Tunable White & Color Mixing Optics

Photopia is the perfect optical design software for your tunable white, circadian lighting or RGBW mixing optical design projects. Photopia includes a large range of accurate white and RGB LED source models based on their physical geometry and measured spectral properties. Photopia also produces all standard photometric reports & plots for indoor, roadway and floodlight applications. Furthermore, Photopia’s true color images, color reports & special colorimetric plots help you both qualitatively & quantitatively evaluate the color uniformity in your beam. This is helpful when using single color white LEDs due to their variable spectrums over emission angle and emission area. It’s even more essential in tunable white applications with 2 or more different CCT LEDs used in the same optic.
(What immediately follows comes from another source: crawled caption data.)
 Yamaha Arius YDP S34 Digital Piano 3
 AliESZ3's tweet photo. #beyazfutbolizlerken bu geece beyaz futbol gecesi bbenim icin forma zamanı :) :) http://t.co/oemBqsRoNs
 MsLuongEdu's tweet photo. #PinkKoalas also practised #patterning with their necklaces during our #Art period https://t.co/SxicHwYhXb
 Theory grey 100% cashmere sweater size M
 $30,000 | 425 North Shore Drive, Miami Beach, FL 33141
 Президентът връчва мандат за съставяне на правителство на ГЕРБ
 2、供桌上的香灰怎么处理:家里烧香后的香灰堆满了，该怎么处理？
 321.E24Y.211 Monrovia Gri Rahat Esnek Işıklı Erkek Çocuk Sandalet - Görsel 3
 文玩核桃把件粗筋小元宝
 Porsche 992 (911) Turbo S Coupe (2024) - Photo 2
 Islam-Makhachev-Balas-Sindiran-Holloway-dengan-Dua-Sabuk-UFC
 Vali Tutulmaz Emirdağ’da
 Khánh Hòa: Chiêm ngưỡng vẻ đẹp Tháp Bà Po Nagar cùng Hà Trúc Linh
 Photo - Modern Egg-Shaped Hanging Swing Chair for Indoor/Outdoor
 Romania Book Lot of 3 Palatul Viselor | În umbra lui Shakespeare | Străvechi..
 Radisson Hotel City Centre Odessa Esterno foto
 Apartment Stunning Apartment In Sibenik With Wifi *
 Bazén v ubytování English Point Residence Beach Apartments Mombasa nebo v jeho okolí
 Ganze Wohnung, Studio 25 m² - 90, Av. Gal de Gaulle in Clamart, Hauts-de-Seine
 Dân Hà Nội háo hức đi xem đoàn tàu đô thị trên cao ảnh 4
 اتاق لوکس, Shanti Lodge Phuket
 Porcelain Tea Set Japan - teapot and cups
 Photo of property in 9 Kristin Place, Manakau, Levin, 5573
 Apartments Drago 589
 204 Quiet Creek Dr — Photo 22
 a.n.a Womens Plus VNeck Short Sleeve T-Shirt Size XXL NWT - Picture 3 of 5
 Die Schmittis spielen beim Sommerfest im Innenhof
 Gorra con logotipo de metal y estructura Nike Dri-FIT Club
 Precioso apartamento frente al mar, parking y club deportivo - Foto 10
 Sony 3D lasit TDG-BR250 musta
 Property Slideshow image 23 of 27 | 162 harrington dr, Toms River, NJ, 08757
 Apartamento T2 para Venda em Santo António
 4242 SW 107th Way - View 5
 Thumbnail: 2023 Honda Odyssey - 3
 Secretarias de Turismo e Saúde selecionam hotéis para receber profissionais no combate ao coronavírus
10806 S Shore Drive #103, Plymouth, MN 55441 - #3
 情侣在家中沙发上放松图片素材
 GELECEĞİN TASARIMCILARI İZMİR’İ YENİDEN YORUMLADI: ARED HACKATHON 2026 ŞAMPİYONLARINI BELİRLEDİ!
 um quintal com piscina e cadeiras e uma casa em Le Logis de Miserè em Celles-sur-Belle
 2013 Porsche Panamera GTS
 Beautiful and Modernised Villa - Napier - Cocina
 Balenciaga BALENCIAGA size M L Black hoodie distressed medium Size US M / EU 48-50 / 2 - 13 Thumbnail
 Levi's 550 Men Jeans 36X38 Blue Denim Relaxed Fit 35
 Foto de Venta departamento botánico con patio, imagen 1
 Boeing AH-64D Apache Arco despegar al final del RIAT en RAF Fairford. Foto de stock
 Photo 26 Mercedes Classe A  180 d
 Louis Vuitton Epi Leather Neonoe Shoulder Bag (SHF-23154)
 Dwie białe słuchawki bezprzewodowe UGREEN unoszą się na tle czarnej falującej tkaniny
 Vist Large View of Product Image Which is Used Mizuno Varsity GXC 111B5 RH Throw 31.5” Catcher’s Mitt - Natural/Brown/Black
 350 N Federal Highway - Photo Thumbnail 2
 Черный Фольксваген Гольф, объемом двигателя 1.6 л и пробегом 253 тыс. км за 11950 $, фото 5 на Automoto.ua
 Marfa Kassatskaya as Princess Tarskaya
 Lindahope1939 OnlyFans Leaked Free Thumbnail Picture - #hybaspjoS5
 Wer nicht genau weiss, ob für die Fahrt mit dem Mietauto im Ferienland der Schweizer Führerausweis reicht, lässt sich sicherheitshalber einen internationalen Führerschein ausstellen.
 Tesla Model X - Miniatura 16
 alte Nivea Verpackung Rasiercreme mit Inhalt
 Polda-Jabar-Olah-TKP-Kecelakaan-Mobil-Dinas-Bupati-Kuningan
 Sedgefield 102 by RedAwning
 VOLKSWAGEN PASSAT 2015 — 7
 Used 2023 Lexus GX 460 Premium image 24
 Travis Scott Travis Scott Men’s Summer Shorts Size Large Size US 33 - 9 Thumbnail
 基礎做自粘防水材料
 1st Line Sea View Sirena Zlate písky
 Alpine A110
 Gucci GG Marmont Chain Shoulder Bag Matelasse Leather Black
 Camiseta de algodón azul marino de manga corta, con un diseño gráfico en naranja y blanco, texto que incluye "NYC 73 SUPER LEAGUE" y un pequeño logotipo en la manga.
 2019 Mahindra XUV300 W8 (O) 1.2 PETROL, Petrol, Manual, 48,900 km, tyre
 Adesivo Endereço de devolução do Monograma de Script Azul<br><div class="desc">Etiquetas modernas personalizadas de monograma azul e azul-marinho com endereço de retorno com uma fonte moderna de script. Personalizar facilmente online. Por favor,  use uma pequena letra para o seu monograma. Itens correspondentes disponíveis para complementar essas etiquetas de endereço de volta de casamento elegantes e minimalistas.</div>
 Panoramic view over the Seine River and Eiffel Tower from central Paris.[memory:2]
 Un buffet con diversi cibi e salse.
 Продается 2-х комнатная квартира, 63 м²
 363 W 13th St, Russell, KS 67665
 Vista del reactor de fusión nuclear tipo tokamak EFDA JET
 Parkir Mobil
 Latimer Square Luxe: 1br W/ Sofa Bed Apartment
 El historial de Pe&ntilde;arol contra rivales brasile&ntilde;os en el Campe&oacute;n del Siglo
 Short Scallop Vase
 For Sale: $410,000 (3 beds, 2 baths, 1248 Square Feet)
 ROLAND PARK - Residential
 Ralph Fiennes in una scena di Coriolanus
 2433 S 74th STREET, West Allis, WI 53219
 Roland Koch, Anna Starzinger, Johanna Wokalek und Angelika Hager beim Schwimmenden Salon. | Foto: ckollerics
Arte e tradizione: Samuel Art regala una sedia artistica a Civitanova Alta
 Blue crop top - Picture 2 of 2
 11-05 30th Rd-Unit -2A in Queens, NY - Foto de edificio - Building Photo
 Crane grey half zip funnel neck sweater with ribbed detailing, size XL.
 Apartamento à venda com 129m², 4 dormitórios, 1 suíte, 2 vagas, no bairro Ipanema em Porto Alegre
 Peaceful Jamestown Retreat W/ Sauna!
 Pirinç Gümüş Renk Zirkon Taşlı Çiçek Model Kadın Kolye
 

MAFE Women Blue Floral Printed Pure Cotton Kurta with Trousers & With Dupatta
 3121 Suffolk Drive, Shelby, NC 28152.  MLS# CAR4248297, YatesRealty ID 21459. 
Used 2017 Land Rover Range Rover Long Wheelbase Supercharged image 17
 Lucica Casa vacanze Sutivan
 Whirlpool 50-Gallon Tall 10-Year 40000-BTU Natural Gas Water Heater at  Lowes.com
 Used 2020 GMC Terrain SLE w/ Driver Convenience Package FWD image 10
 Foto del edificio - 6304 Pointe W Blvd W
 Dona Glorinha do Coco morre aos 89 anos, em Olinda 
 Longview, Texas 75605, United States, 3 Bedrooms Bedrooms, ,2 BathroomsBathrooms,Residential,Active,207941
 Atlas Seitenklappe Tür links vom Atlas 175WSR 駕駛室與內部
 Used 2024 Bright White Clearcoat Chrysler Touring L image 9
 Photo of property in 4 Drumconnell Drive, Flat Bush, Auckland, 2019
This example tunable white reflector optic uses an array of 14 LEDs, half at 2700K and half at 5000K. The LED array is arranged to mix the colors as best as possible, but there are still large gaps between the LEDs of each color. Putting a simple diffuser in front of this LED array would mix the colors well, but that also eliminates your ability to control the beam distribution. Many designs require specific intensity distributions such as a wide batwing, asymmetric wall washer or narrower spots & floods. This example achieves a 40° medium flood beam angle. Producing a controlled beam angle with well mixed colors requires adding beam spreading features to the optic that blend just the right amount, but no more. The types of curved facets shown on this reflector are an effective mechanism for controlled beam spread. These types of features can be quickly generated for reflector and lens optics with the Grasshopper tool provided in one of our tutorials.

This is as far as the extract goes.